Безусловно, вульгарный релятивизм, согласно которому все что угодно представляет собой то же самое, что и все что угодно ещё, и потому невозможно проводить никаких различий между добром и злом, правильным и неправильным, истинным и ложным, является не только вопиюще самопротиворечивым, но и морально отталкивающим. Однако, многие альтернативы абсолютизма, например определённые виды плюрализма, перспективизма, прагматизма, а также умеренные формы релятивизма и конструктивизма, не обязательно противоречат сами себе. Все эти подходы объединяет не самоопровергающий характер, а вызов абсолютистским, универсалистским и объективистским убеждениям относительно существования надкультурных и надисторических стандартов рациональности, истины и морали. Как предостерегает Адорно (Adorno, 1979), интерпретировать это отрицание как самоопровергающую позитивную теорию столь же ошибочно, сколь и голословно.
Короче говоря, я здесь предполагаю, что самоопровергающий характер большинства неабсолютистских подходов появляется только тогда, когда они либо считаются имеющими абсолютистские цели, либо оцениваются в соответствии со стандартами (понятиями абсолютной истины, рациональности и т. д), уместивши только в абсолютистской сфере дискурса.

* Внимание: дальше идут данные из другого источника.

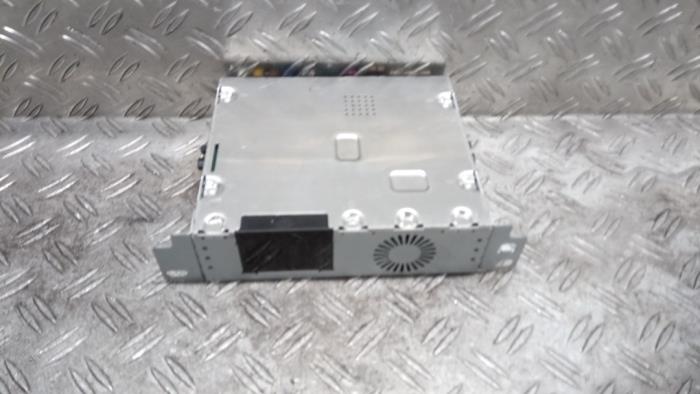 Usagé Module navigation Renault Austral 1.3 TCe 140 Prix € 210,00 Règlement à la marge proposé par Autodemontagebedrijf van Boxtel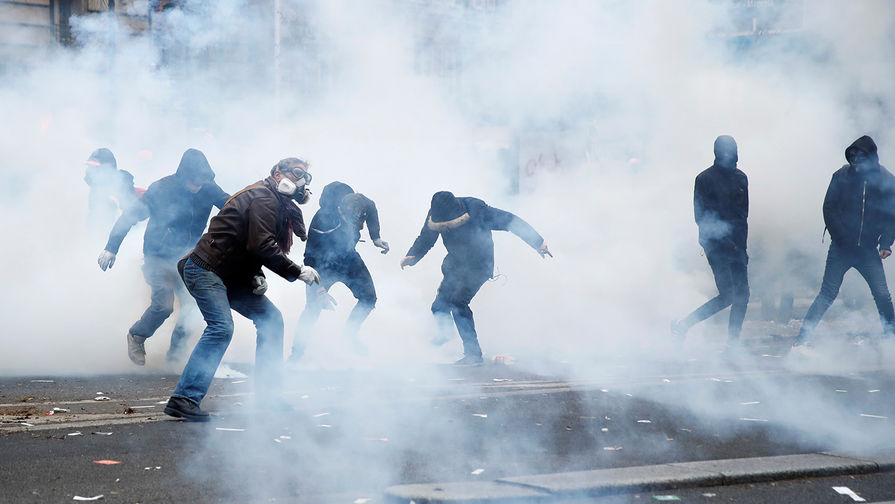 Столкновения между демонстрантами и полицией в Париже во время акции протеста против пенсионной реформы, 5 декабря 2019 года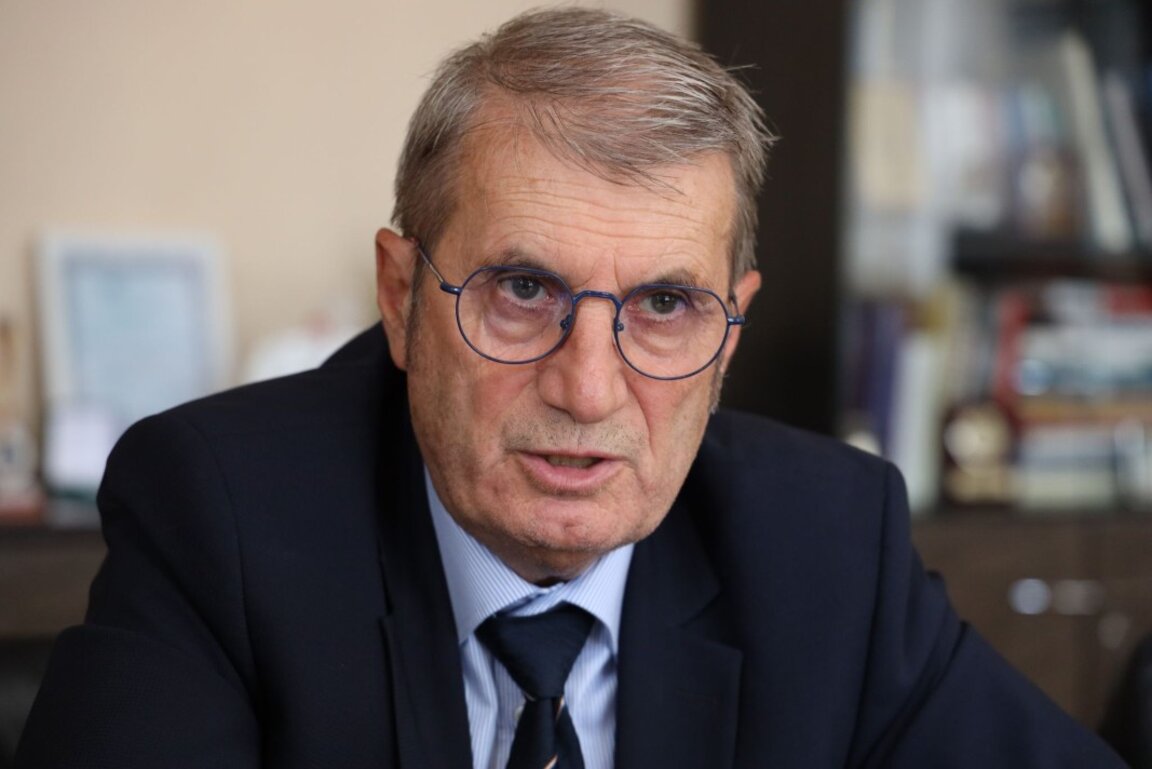 Проф. Христо Хинков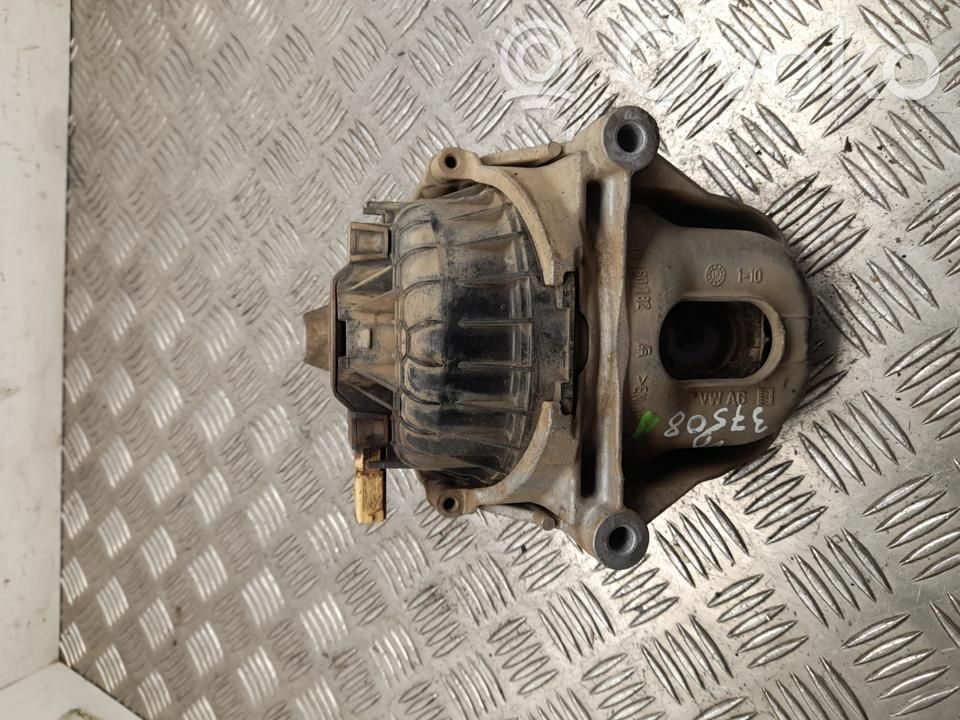 Volkswagen Touareg III Engine mount bracket 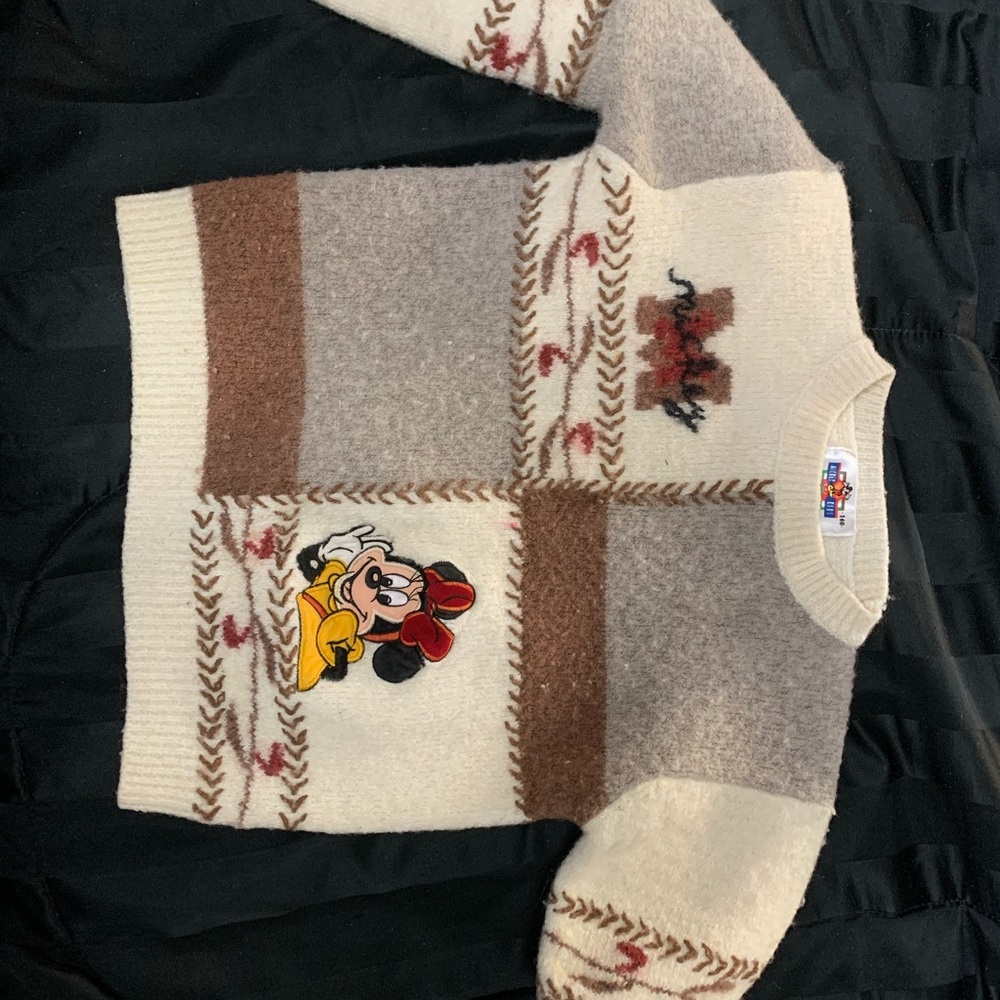 Girls vintage 80% wool Disney sweater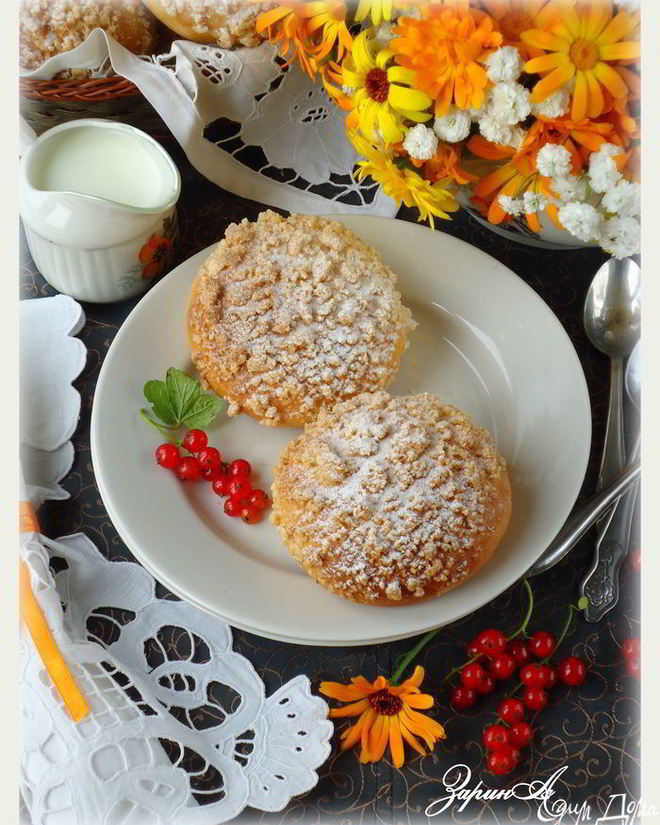 Рецепт булочек с кокосом и миндальным штрейзелем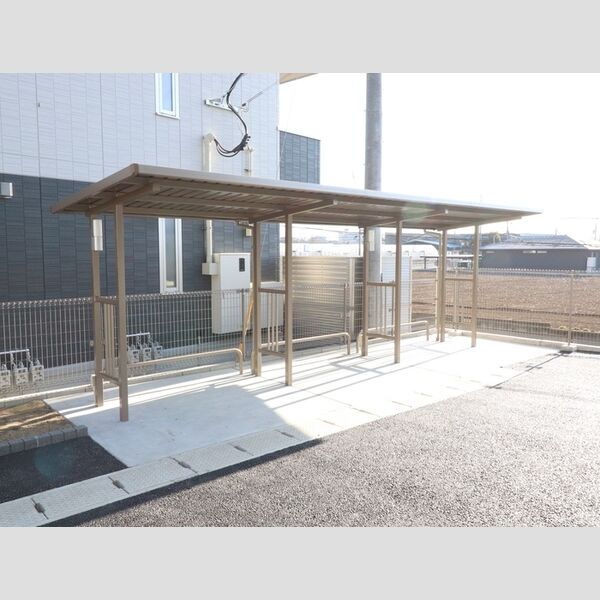 現地周辺 (駐輪場)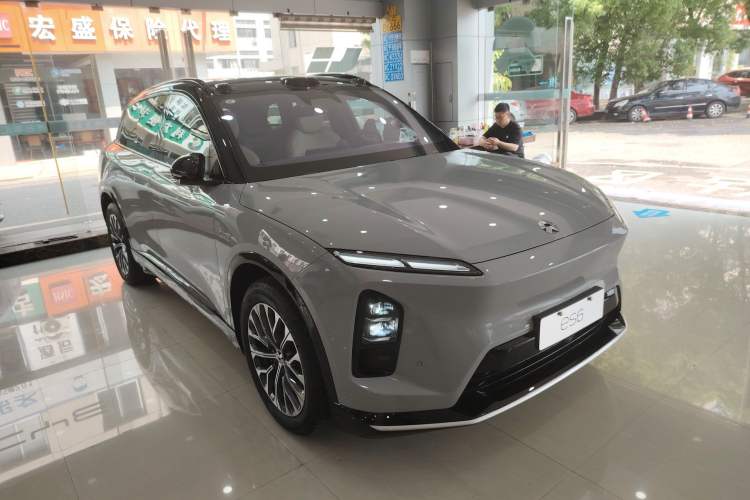 Used Nio ES6 2025 75 kWh Front Right 45 Deg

Иными словами, эти подходы оказываются самоопровергающими только когда считаются, что они имеют абсолютистскую программу, то есть делают абсолютные утверждения.Таким образом, убедительность доказательства самоопровергающей природы неабсолютистских подходов основывается на принятии абсолютистской сферы дискурса. Однако у человеческого дискурса могут быть и иные цели, помимо доказательства абсолютной истинности или ложности утверждений знания, точек зрения или парадигм. Например, Майленд (Meiland, 1980), рассматривая утверждение: «если релятивизм только
относительно верен, то у нас нет никаких причин принимать его всерьёз», указывает, что это утверждение заранее предполагает, будто выражения заслуживают только чисто абсолютные или объективные вещи. Приводя свидетельства против универсалий и абсолютов, релятивисты могут пытаться рационально убеждать нерелятивистов в относительности всех концептуальных систем, включая и релятивистскую. Судя по всему, именно такой путь выбрал Гудмен (Goodman, 1978), который подчёркивает локальную (в противовес универсальной) действенность релятивистских утверждений знания. При такой формулировке тезис релятивизма вовсе не опровергает, а скорее иллюстрирует сам себя В. Н. Smith, 1993). Кроме того, я должен добавить, что можно апеллировать к разумности, уместности и даже «истинности» релятивистского тезиса, не действуя в сфере бивалентной теории истины — согласно которой высказывание является либо истинным, либо ложным (не истинным), вместо того чтобы обладать разными степенями «истинности» (Negotia, 1985). Наконец, как указывает Ротберг (Rothberg, 1994), доказательства самопротиворечивости, вроде перформативного парадокса Хабермаса (постановка под вопрос дискурса опровергает сама себя, поскольку предполагает дискурс), справедливы только в случае предположения невозможности выхода за пределы структур коммуникативной рациональности — а большинство духовных традиций подвергают сомнению именно это допущение! Во всех этих случаях релятивизм не опровергает сам себя и заслуживает выражения. Нечего и говорить, что аналогичные доводы с соответствующими изменениями можно привести и в пользу многих других неабсолютистских подходов — например, некоторых разновидностей плюрализма (Matilal, 1991; Panikkar, 1996; Rescher, 1993), контекстуализма (Lynch, 1998), перспективизма (MacIntyre, 1988) или умеренного релятивизма (Hales, 1997; MacIntyre, 1987, 1988; Margolis, 1986; Tianji, 1991).